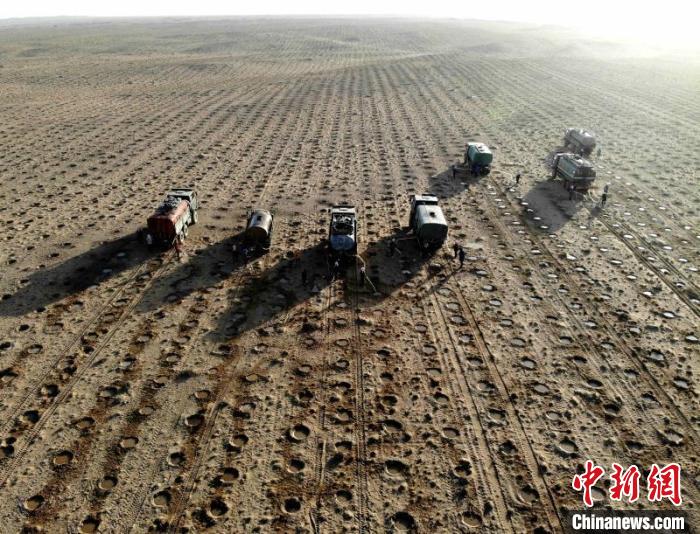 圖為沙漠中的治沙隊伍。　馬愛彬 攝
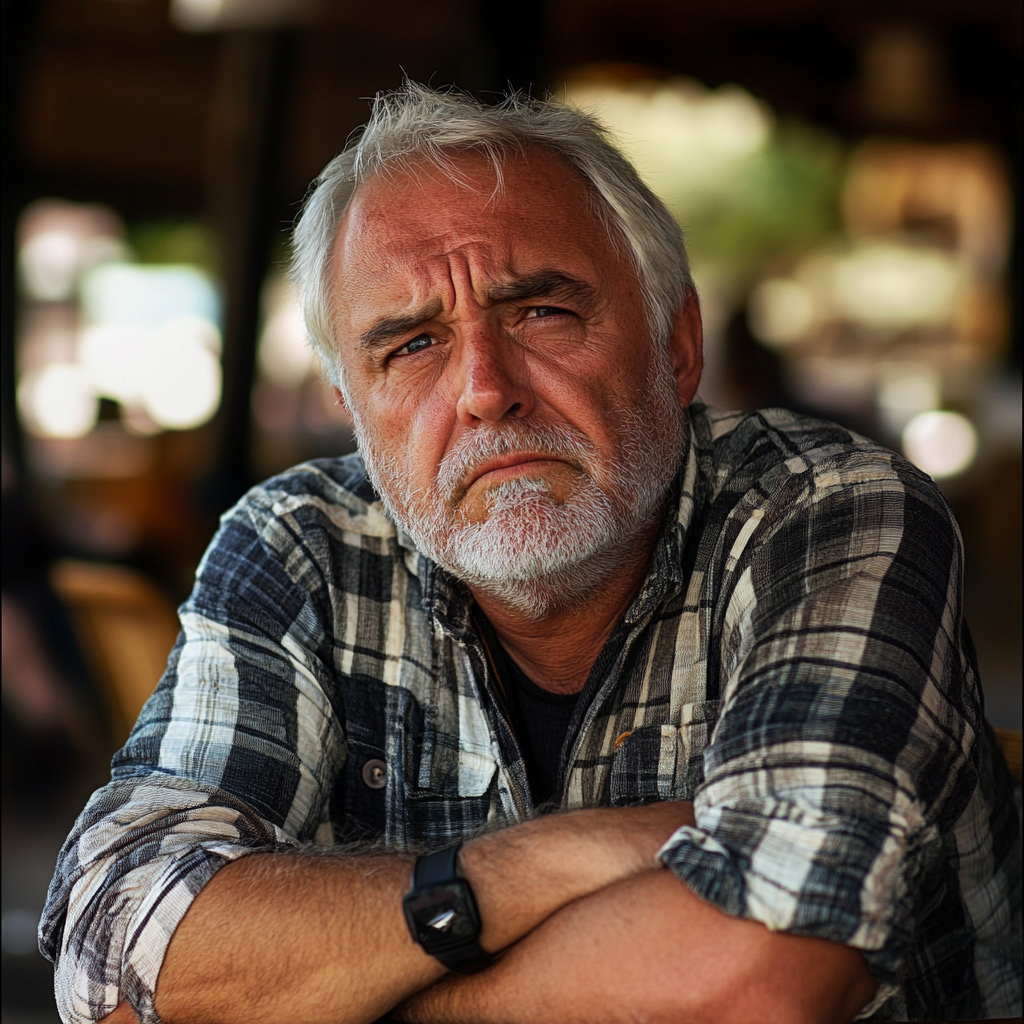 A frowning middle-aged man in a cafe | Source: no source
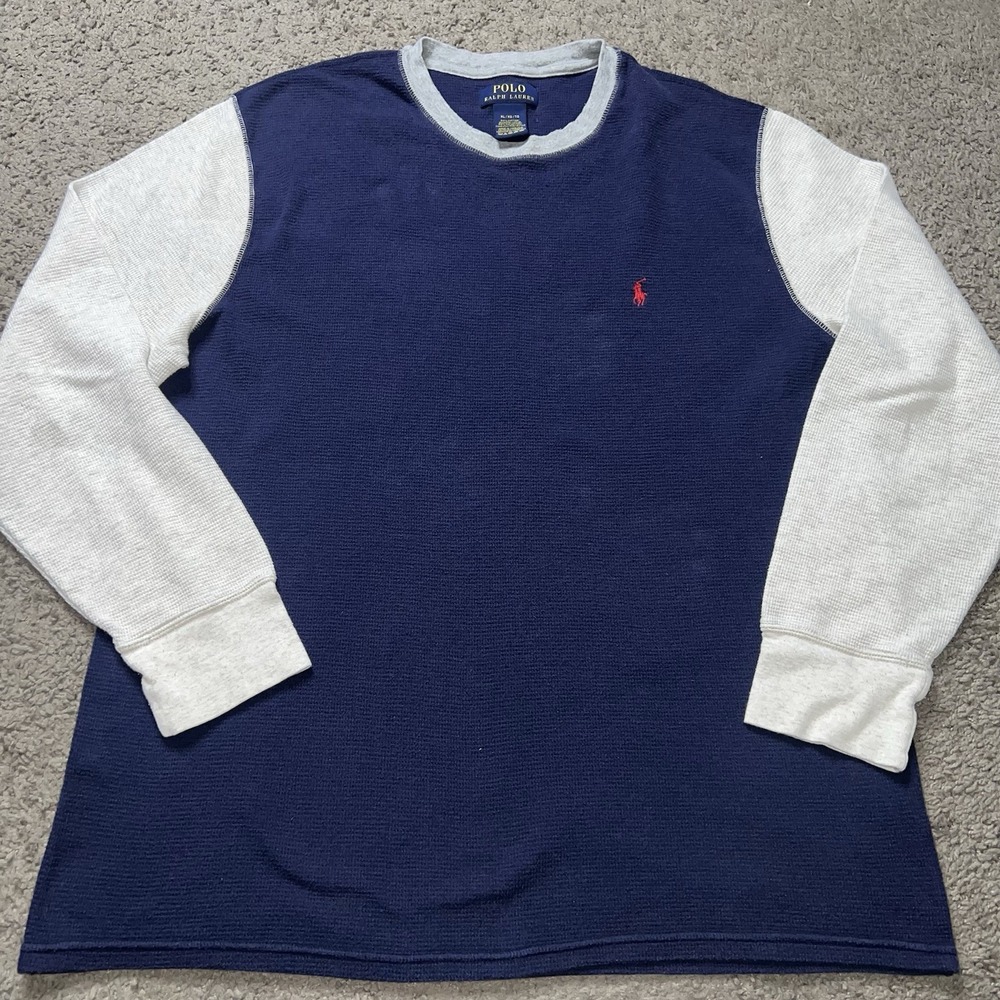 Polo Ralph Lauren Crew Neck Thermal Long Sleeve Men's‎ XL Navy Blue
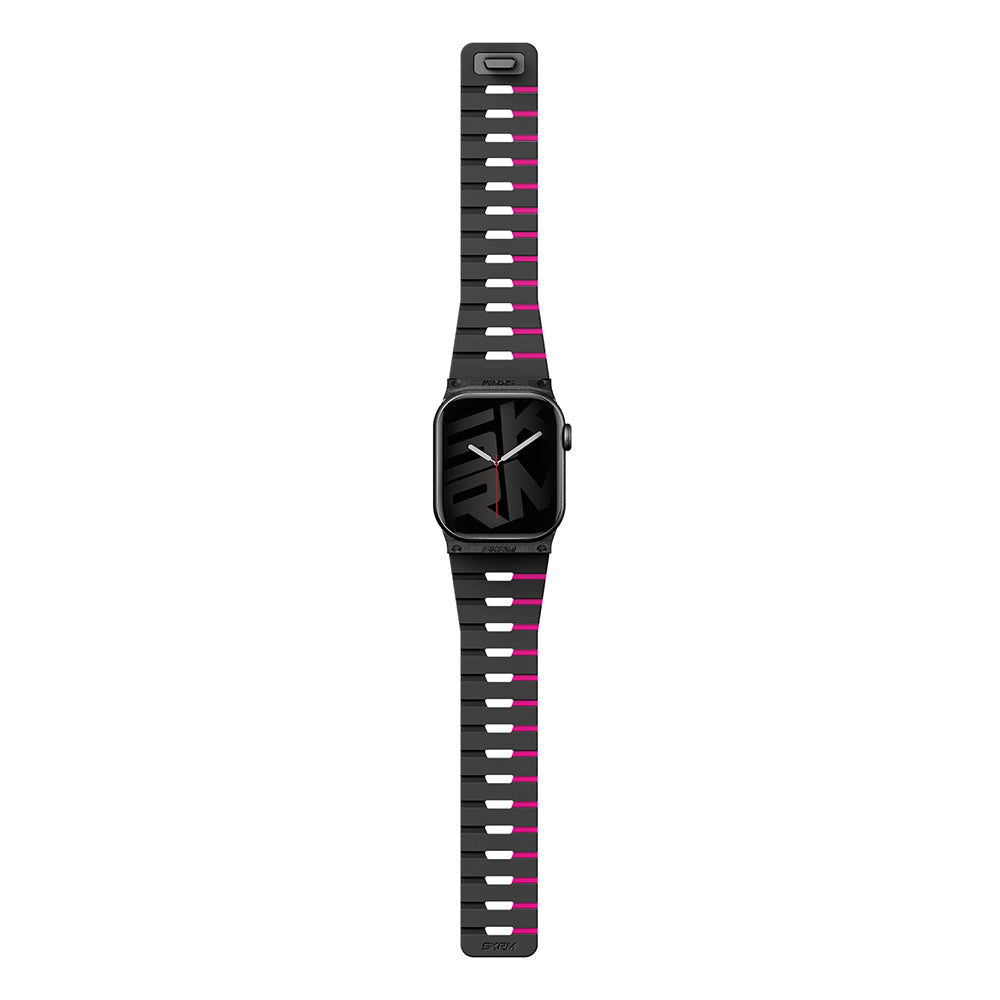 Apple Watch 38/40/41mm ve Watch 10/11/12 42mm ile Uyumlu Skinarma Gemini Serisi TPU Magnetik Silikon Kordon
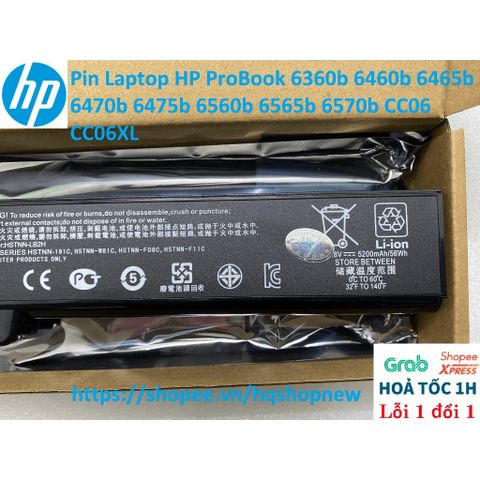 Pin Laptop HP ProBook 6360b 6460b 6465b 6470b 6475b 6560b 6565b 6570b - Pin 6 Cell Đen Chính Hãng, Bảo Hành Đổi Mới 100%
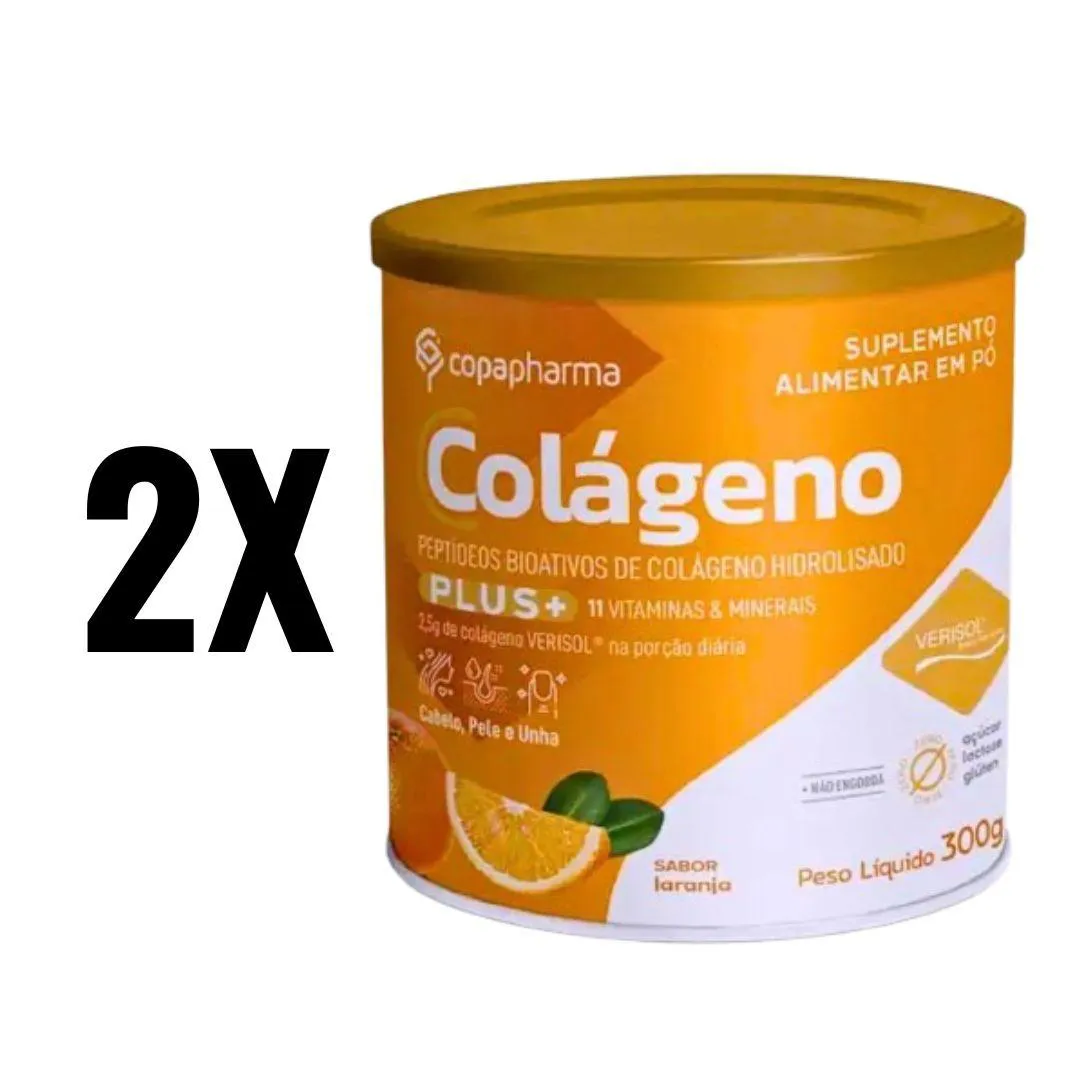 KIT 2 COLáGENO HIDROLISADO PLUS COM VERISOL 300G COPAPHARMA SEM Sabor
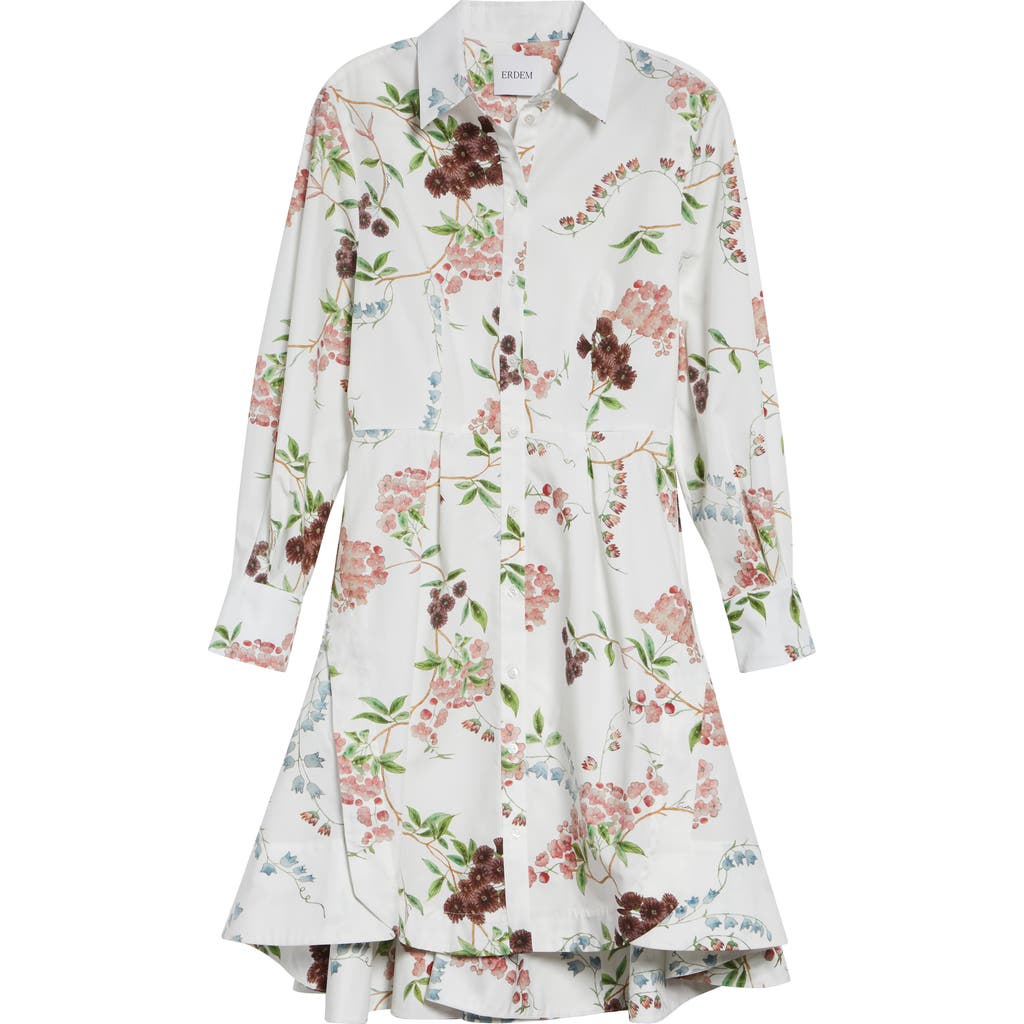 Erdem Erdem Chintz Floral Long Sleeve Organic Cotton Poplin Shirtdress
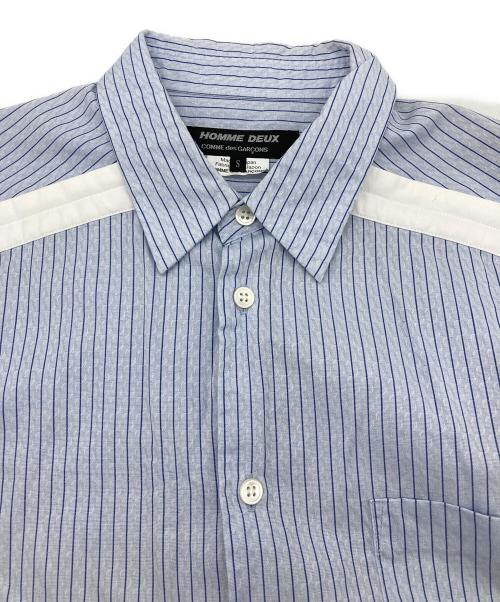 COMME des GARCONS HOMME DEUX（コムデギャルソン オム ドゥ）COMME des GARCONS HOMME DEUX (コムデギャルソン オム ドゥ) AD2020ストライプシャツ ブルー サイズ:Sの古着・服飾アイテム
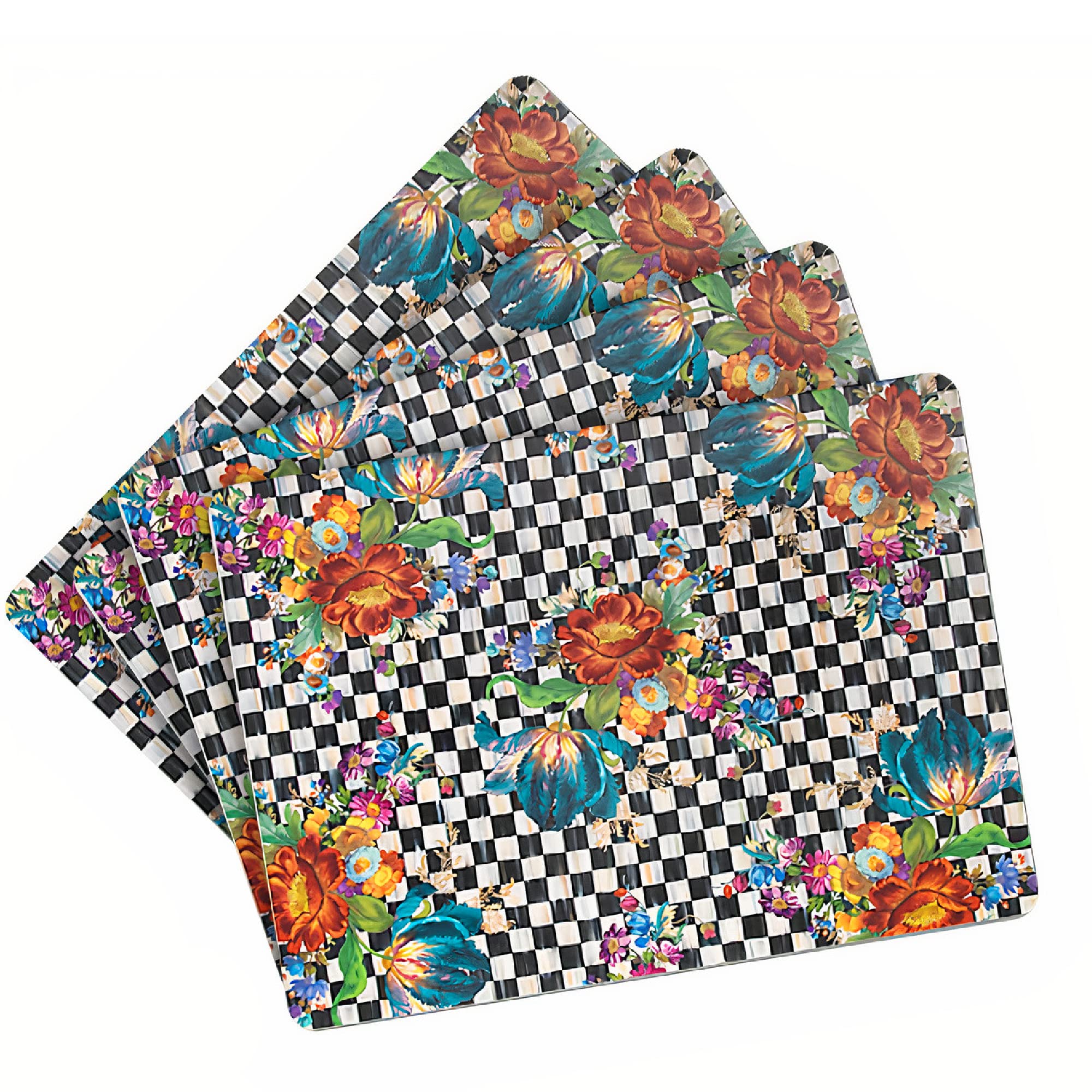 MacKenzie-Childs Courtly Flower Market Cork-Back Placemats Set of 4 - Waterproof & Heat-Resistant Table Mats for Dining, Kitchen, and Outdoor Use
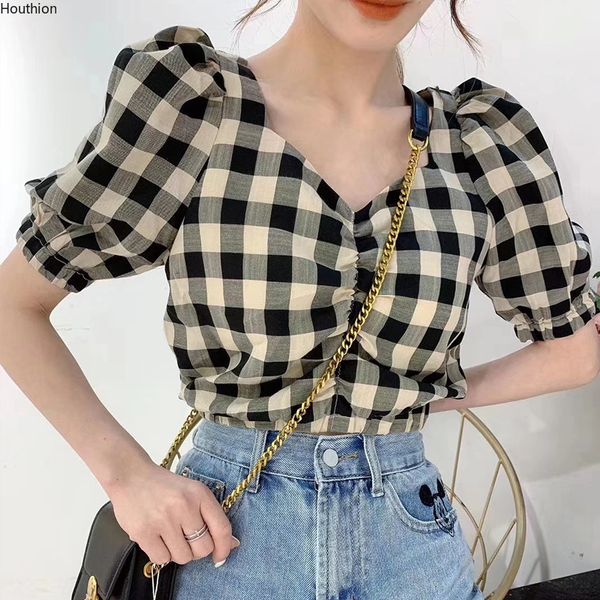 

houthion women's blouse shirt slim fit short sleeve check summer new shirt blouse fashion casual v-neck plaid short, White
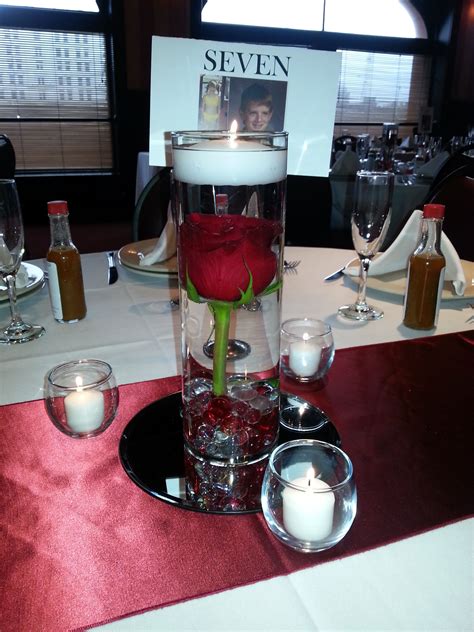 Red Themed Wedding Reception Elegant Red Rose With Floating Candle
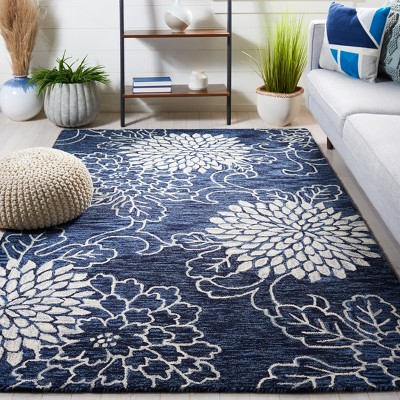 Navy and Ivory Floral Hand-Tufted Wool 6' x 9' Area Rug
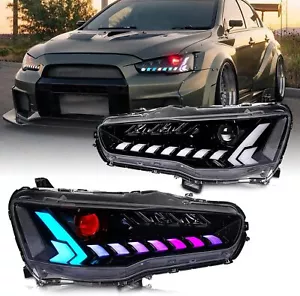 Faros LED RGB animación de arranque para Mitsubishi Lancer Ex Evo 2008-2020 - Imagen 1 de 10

EXERCISE BRIEF: Needed here is a verbatim copy of the data from the first line through the line with "KIT 2 COLáGENO", without pictures.

RESULT FOR THIS TASK:
 圖為沙漠中的治沙隊伍。　馬愛彬 攝
 A frowning middle-aged man in a cafe | Source: no source
 Polo Ralph Lauren Crew Neck Thermal Long Sleeve Men's‎ XL Navy Blue
 Apple Watch 38/40/41mm ve Watch 10/11/12 42mm ile Uyumlu Skinarma Gemini Serisi TPU Magnetik Silikon Kordon
 Pin Laptop HP ProBook 6360b 6460b 6465b 6470b 6475b 6560b 6565b 6570b - Pin 6 Cell Đen Chính Hãng, Bảo Hành Đổi Mới 100%
 KIT 2 COLáGENO HIDROLISADO PLUS COM VERISOL 300G COPAPHARMA SEM Sabor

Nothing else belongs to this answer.